Working data >>
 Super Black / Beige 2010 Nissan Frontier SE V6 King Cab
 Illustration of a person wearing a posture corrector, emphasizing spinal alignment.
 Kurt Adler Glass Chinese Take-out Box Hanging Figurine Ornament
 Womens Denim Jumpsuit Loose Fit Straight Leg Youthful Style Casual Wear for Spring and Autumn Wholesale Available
--
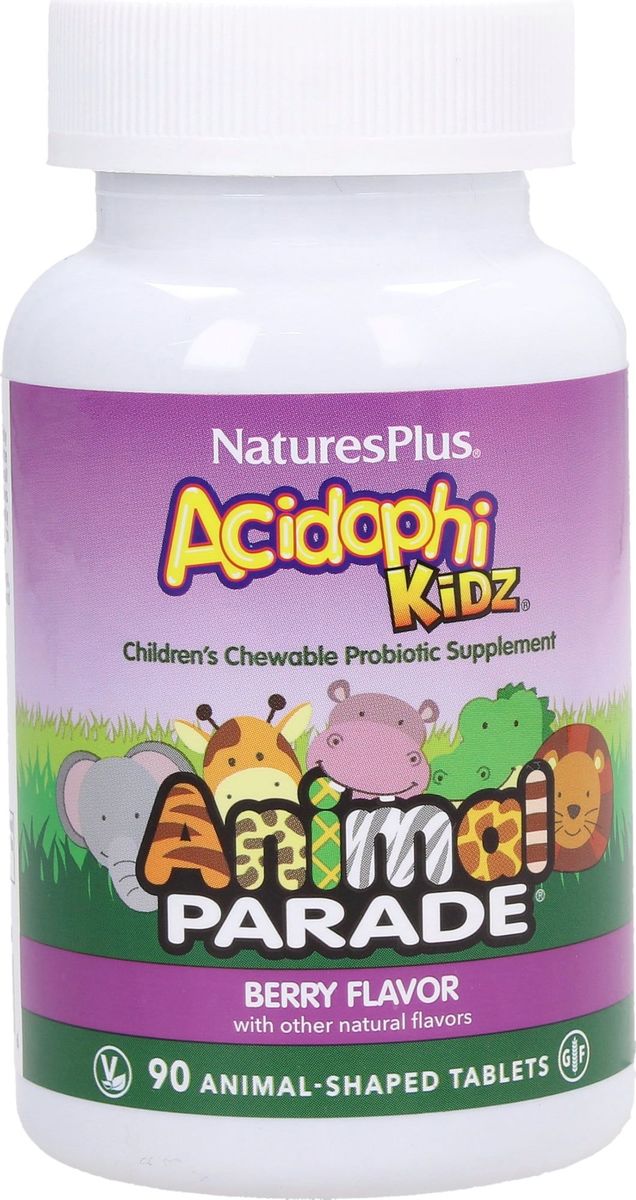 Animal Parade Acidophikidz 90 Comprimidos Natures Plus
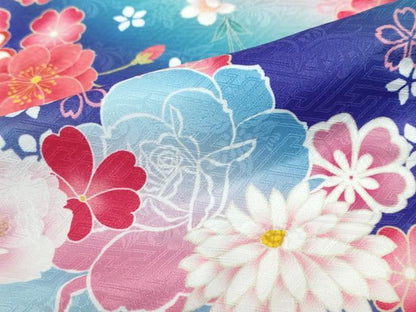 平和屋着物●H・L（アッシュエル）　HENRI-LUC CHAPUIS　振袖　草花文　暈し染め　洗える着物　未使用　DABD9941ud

About this task >> Reproduce the data above exactly, but only from the line containing "Animal Parade Acidophikidz" through the line containing "平和屋着物●H・L（アッシュ"; skip the pictures.

Task solution >>
 Animal Parade Acidophikidz 90 Comprimidos Natures Plus
 平和屋着物●H・L（アッシュエル）　HENRI-LUC CHAPUIS　振袖　草花文　暈し染め　洗える着物　未使用　DABD9941ud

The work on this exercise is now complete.